Brian Goessling Fulbright Award Recipient

The Fulbright Student Program, funded by the U. S. Department of State, is a prestigious international educational exchange program that includes partnerships with more than 155 countries. Winners are chosen for their academic merit, ability to serve as cultural ambassadors and leadership potential. Fulbright winners will study, conduct research or teach abroad for one year.

Brian Goessling, electrical engineering graduate student, will study micro-energy harvesting in Germany.

From Union, Kentucky in Northern Kentucky. During my time at UofL, I have been involved with Speed School Student Council, IEEE, Catholic Campus Ministry, REACH as a computer tutor and later Computer Resource Center GSA, and as the Speed News Editor.  I had the chance to take three classes in MEMS Technology (Fundamentals of Microfabrication and MEMS, MEMS Design and Fabrication and Lab, and Microfluidics), in addition to working with bistable MEMS switches (fabrication and control) under Dr. Cindy Harnett as parts of my capstone, independent study, and Master’s thesis. Through my co-ops in Chicago for a software engineering company (Packetvideo), I had a chance one semester to take a German course in the evenings at the Goethe Institut. In addition to finishing my thesis this summer, I am also practicing my spoken German in preparation for my trip by meeting with others in Louisville through the Louisville Stammtisch German Language group that I founded earlier this year.

Studies in Germany
In essence I will study and research at the University of Freiburg’s Insitute of Microsystem Technology (IMTEK) located in Freiburg im Breisgau, Germany. Freiburg is in the south-west of Germany, on the edge of the Black Forest, near the border with France and Switzerland. (Microsystem Technology is the European equivalent to MEMS, or microelectromechanical systems, a term more used in America). I will be researching methods for using MEMS technology to convert mechanical vibration into useable electrical energy. This could be applied to bridges to capture the vibrations from cars (possibly to power the lights) or even on loud factory equipment in order to make the system more energy efficient by recapturing some of the waste vibrational energy. Eventually the technology could be adapted to increase battery life on hand-held devices that could charge simply by you walking around with them or get an extra boost by being shook. The flashlight technology utilizes the principles made famous by the shake-to-charge flashlights (“Faraday flashlights”) which utilize the principle that a moving magnetic field (shaking magnet) induces a current in a wire. My challenge would be to shrink this technology to a much smaller scale, potentially making it much more efficient at capturing an even great percentage of the waste energy. In addition to my research, I plan to work on my German and take every chance I get to travel around in Germany and Europe.

Cinci Enquirer Article
Brian Goessling of Union is one of 12 University of Louisville scholars selected to study abroad through the Fulbright Student Program, a prestigious international exchange scholarship sponsored by the U.S. Department of State.
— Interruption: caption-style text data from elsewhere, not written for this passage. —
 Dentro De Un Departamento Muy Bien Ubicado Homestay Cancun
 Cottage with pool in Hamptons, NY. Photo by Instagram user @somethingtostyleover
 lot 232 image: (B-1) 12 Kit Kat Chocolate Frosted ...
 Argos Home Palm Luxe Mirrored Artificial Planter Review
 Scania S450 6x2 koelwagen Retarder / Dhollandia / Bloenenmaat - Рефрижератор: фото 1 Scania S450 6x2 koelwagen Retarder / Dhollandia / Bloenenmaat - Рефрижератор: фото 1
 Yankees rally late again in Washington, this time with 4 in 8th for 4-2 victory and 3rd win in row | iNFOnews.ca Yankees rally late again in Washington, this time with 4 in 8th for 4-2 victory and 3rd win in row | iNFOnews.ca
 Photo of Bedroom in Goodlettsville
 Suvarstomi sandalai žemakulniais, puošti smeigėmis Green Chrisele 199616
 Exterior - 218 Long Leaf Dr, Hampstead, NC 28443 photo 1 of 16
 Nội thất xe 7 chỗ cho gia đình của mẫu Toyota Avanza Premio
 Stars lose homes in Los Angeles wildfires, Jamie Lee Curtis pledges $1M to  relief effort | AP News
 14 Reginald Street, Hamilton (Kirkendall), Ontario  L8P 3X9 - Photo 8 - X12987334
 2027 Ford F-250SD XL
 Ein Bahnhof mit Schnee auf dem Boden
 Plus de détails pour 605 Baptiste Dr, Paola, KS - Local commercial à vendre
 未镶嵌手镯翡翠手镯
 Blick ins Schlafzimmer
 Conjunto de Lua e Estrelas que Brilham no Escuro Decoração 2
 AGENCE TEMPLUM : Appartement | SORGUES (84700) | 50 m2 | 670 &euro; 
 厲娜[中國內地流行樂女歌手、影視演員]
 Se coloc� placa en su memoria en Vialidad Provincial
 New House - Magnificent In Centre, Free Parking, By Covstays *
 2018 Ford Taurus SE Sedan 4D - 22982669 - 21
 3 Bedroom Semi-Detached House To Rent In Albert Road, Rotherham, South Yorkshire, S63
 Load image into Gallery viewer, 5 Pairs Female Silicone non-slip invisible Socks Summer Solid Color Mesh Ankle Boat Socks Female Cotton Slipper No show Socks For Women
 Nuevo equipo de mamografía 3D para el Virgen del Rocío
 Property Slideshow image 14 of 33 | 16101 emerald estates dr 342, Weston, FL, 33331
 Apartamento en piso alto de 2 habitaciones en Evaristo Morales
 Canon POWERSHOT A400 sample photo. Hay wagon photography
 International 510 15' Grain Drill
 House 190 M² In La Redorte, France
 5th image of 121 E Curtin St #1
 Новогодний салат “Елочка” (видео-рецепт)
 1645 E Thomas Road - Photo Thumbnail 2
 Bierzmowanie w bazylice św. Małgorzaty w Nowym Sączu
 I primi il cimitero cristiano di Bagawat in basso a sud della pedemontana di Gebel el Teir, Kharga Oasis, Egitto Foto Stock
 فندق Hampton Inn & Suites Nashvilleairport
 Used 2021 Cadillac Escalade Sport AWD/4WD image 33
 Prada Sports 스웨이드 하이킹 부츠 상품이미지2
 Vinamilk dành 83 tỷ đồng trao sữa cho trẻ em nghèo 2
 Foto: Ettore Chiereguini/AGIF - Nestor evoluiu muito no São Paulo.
Goessling expects to complete his UofL graduate degree in electrical engineering this summer. After a month-long German language course, he will use his Fulbright research grant to study at the University of Freiburg's Institute of Microsystems Engineering and participate in a research project about microenergy harvesting.

While at UofL, Goessling has been active in the Speed School Student Council, the Resources for Academic Achievement program, Institute of Electrical and Electronics Engineers and Catholic Campus Ministry.

Goessling, a 2005 graduate of Larry A. Ryle High School, is the son of Julie Redden Goessling and Stephen J. Goessling Sr. of Union.